(AVAILABLE DATA Opens)

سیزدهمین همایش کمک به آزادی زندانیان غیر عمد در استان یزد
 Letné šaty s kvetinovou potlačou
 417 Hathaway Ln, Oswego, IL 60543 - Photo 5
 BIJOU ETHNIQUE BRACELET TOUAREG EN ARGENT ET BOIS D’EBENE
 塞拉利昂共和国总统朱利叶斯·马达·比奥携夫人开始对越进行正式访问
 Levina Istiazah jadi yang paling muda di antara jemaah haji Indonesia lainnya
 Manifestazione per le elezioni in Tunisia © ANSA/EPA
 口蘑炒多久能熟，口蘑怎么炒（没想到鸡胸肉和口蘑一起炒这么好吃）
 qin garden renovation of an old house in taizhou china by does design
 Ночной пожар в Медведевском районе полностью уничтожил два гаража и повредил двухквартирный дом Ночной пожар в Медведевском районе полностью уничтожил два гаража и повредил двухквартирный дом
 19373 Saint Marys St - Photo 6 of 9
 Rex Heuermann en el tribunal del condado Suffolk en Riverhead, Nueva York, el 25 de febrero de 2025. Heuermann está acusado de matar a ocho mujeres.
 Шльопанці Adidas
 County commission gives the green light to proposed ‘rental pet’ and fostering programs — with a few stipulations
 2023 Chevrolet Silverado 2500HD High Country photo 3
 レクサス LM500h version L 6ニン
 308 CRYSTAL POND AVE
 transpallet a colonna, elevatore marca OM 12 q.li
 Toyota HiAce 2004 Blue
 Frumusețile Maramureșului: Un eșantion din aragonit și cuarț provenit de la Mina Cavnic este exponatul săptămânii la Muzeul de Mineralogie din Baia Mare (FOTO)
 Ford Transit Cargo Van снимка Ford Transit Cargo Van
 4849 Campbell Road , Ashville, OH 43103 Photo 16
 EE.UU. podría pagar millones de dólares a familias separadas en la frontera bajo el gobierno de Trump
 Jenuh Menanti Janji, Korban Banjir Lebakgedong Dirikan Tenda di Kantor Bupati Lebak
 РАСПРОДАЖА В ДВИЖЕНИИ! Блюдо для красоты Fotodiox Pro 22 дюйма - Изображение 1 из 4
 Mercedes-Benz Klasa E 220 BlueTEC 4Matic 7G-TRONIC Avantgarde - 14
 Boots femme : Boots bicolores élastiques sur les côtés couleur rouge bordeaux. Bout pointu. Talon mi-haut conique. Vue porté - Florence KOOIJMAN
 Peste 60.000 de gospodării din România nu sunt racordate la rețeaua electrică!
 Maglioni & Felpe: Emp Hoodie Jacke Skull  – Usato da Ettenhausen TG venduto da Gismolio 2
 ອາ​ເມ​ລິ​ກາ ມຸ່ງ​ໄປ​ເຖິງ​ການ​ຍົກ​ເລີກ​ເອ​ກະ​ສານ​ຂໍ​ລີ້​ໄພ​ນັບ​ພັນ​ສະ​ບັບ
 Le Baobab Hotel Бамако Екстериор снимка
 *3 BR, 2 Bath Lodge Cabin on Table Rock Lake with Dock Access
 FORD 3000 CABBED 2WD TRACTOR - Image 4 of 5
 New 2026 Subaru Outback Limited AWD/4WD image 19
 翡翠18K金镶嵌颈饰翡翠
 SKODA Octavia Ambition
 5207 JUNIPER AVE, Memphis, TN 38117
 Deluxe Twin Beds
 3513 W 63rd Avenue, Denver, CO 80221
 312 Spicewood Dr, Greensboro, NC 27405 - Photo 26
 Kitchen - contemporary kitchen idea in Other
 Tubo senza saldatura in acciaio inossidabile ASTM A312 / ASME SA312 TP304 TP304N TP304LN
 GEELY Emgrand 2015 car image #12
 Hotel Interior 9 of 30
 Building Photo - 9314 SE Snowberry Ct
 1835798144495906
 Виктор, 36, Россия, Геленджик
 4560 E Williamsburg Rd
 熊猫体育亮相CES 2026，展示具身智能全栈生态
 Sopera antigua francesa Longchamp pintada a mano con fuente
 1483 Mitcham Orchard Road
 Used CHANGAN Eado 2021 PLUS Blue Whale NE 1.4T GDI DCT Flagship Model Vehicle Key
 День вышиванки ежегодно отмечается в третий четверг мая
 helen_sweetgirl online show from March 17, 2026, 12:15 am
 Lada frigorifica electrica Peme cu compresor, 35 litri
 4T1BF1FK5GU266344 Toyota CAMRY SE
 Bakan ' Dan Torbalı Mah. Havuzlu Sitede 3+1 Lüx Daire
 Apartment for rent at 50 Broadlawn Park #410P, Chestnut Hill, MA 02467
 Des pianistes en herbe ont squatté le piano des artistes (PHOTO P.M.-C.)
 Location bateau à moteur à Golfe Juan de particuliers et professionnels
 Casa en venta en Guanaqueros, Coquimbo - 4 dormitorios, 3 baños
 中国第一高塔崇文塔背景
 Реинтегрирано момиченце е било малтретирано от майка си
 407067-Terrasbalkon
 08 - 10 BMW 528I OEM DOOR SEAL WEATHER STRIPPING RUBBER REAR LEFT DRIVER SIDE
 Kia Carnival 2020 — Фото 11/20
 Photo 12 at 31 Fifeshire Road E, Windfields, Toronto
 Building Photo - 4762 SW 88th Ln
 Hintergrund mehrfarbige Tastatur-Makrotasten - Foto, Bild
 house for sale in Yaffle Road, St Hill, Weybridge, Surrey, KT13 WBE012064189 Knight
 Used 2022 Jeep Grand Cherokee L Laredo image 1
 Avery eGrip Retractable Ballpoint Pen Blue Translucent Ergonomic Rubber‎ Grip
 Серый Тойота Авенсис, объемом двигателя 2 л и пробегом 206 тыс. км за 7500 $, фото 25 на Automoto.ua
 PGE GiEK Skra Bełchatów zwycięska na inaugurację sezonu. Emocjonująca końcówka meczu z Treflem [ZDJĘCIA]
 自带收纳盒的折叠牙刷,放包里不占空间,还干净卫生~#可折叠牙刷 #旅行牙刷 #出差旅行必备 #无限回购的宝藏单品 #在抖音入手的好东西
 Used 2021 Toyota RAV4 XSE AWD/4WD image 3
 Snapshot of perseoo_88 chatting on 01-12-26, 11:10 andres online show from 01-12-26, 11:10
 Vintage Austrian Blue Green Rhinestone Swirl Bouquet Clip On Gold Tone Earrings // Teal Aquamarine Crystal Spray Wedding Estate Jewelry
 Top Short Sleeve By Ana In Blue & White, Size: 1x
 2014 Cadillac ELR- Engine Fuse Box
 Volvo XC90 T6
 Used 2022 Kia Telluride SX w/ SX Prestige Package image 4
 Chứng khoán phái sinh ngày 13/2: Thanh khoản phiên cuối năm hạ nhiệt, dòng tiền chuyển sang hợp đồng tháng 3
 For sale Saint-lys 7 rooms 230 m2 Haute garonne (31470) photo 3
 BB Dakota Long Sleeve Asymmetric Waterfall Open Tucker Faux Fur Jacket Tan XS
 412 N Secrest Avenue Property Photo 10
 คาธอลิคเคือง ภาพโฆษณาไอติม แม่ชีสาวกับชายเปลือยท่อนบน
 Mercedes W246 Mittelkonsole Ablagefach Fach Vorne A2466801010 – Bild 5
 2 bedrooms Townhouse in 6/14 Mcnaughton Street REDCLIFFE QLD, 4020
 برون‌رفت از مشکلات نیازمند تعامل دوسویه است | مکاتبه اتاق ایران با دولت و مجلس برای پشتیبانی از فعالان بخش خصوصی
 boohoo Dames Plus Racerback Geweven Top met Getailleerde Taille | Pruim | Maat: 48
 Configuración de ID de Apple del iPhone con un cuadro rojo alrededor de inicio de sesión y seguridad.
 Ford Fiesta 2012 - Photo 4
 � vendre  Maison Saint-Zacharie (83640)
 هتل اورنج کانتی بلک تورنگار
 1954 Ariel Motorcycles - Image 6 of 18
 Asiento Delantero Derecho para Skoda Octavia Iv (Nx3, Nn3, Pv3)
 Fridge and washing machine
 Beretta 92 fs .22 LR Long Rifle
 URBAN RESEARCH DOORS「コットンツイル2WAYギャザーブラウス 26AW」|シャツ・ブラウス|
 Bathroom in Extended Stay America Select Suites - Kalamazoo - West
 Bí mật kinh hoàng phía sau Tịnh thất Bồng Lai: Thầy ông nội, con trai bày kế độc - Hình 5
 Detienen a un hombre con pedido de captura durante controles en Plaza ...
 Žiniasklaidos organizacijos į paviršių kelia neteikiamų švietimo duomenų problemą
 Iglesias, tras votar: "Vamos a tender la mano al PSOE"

(AVAILABLE DATA Closes)

◆ TASK DESCRIPTION ◆
Work out how many lines of the records contain the word "with", and give only that number.

◆ WRITTEN ANSWER ◆
2